Using the records below, copy exactly the part that opens with the line holding "Horse Color:Bay Onyx Near Leopard" and closes with the line holding "Plum Pudding Coral Bells |Spotswood Greenery", minus the pictures.

Stored data
'''
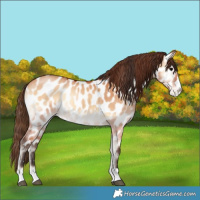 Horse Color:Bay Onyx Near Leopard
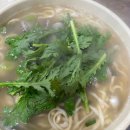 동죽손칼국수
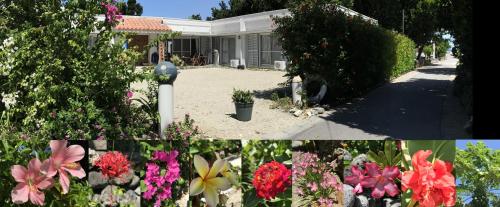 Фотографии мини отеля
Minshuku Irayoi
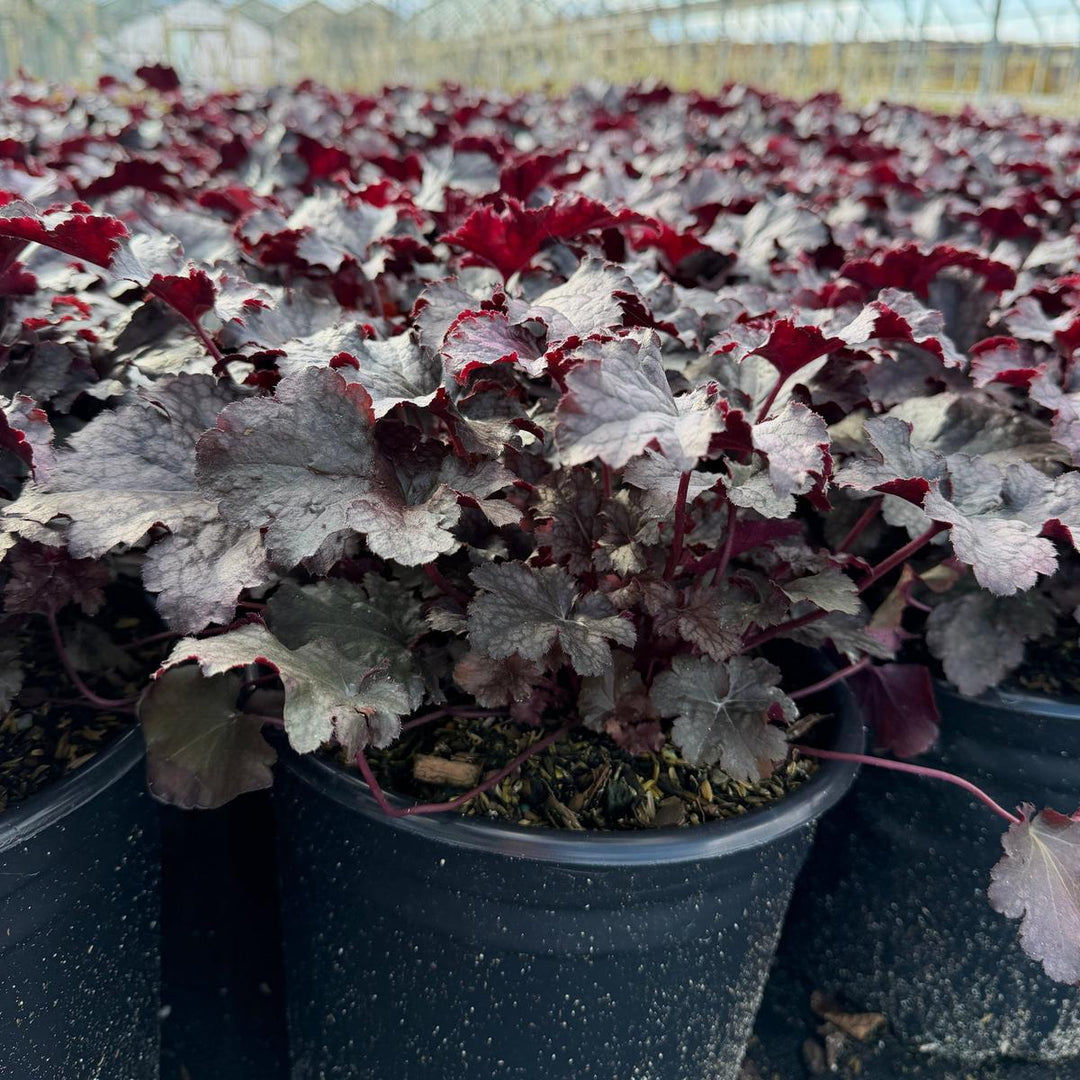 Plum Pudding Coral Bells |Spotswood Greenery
'''
'''
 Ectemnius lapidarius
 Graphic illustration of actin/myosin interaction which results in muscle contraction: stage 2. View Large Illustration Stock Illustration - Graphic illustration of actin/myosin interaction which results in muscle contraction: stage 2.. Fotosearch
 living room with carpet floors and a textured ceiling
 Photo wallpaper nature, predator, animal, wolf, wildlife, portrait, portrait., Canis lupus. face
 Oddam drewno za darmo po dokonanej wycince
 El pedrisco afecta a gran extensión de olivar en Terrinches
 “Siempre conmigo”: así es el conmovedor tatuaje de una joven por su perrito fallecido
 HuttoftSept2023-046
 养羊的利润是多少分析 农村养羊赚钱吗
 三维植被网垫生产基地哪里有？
'''
Output
 Horse Color:Bay Onyx Near Leopard
 동죽손칼국수
 Фотографии мини отеля
Minshuku Irayoi
 Plum Pudding Coral Bells |Spotswood Greenery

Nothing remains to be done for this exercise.